The Budget has made interest on PF contributions beyond Rs 2.5 lakh taxable. If the rule is made applicable to the defense forces as well, here are other avenues to invest
The famous quote, “nothing is constant but change” aptly defines life in the defense forces. Among the constant moves with limited time at each location, many of which are remote and poorly accessible, money management tends to take a backseat. Therefore, options such as the Defence Services Officers Provident Fund (D.S.O.P. Fund) and the Armed Forces Personnel Provident Fund (A.F.P.P. Fund) have been the most well-suited and preferred investment options for men and women in uniform for decades.
The Finance Bill of 2021 states that the interest on the contribution made by a person exceeding ₹2.5 lakhs towards provident fund will be liable for taxation at their slab rates. While EPF is the most talked-about segment that is impacted by this decision, there is still ambiguity and a rising concern if this limit is also applicable to General Provident Fund (GPF) and Contributory Provident Fund (CPF).
Let’s understand how the D.S.O.P. Fund and A.F.P.P. Funds are different from the EPF. The D.S.O.P. Fund and the A.F.P.P. Fund are governed by C.P. Fund (I) 1962 [Contributory Provident Fund (India) 1962] Rules, while the EPF is managed by the Employees’ Provident Fund Organization (EPFO).
The D.S.O.P. and A.F.P.P. Funds are non-contributory provident funds, which means that there are ‘no contributions’ made by the employer (army, navy, or air force) in these accounts, and they are purely funded by contributions from the salary received after paying all applicable personal income taxes. While the argument that EPF is misused by high-income earners and High-Net-Worth Individuals (HNIs) is being used to justify taxation on contributions exceeding the ₹2.5 lakh limit, this is not so in the case of the D.S.O.P. and A.F.P.P. Funds.
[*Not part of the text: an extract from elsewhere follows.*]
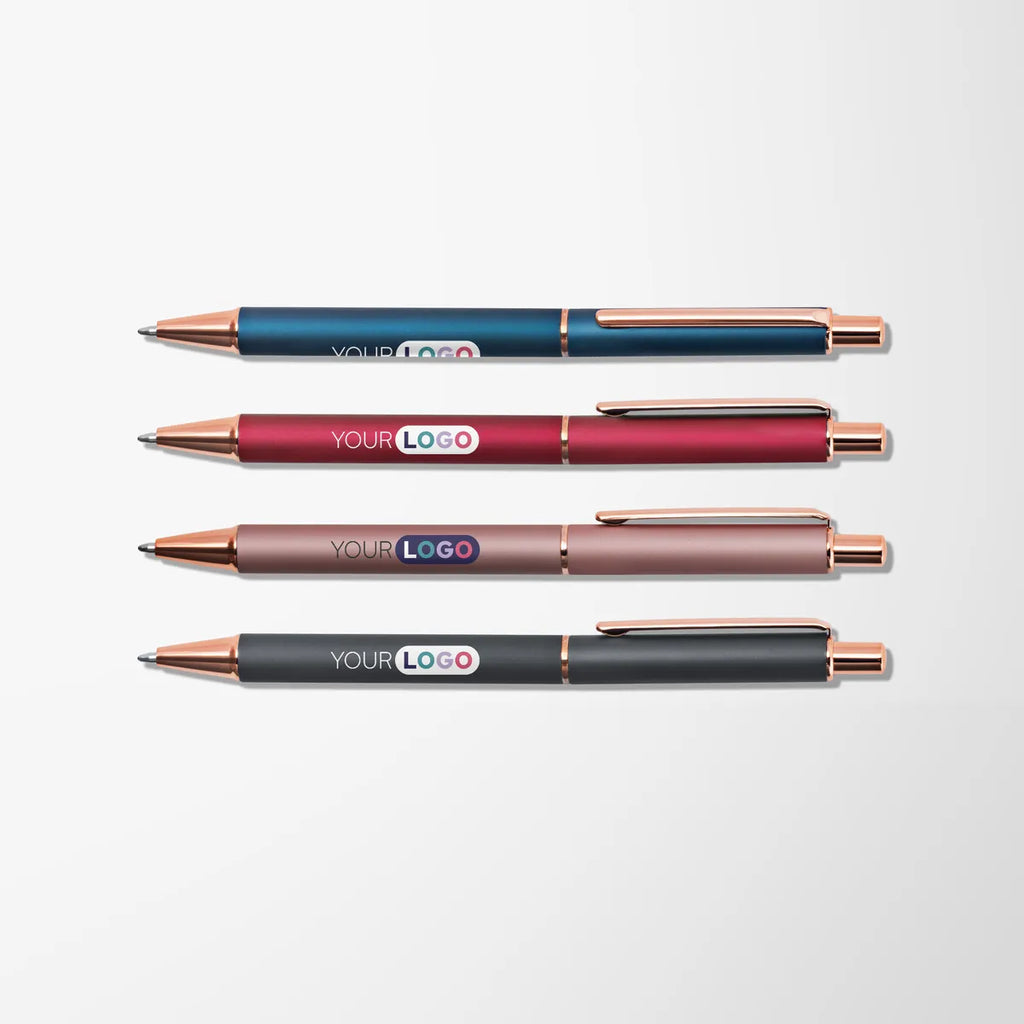 Full Color Mineral Capri Pen with Rose Gold Trim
This is because, during field postings or in locations that are remote, defense personnel often tend to increase contributions to D.S.O.P. and A.F.P.P. Funds. So, a young officer earning around ₹10-12 lakhs a year often deploys ₹40,000-₹50,000 during a posting to forward areas since expenses are minimal. Of course, such contributions are not sustainable during peace postings and, thus, the contributions are managed accordingly. Another important difference is that the interest rates on these funds are lower (currently at 7.1 percent) than on EPF (currently at 8.5 percent).
While the finer details from the ministry are awaited, considering that it would impact D.S.O.P. and the A.F.P.P. Fund contributions, here are some alternatives that can be considered.
Public Provident Fund (PPF)
PPF is a government scheme open to all citizens offering compounded returns with exempt-exempt-exempt tax status. This is very similar to D.S.O.P. and A.F.P.P. in terms of the interest rate; however, withdrawals are slightly restrictive. The tenure of PPF is 15 years and it is extendable in blocks of five years. The interest rate is aligned quarterly with the broader interest rate scenario in the economy. Opening a PPF can absorb up to ₹1.5 lakhs annually and can be done on a monthly basis (₹12,500).
This is a good option for young officers and those in other ranks since they have a longer service period. Those who are closer to retirement should be careful before committing to the PPF. However, considering that the subscriptions each year are eligible for claiming tax deductions u/s 80C, this can work for many even during retirement years.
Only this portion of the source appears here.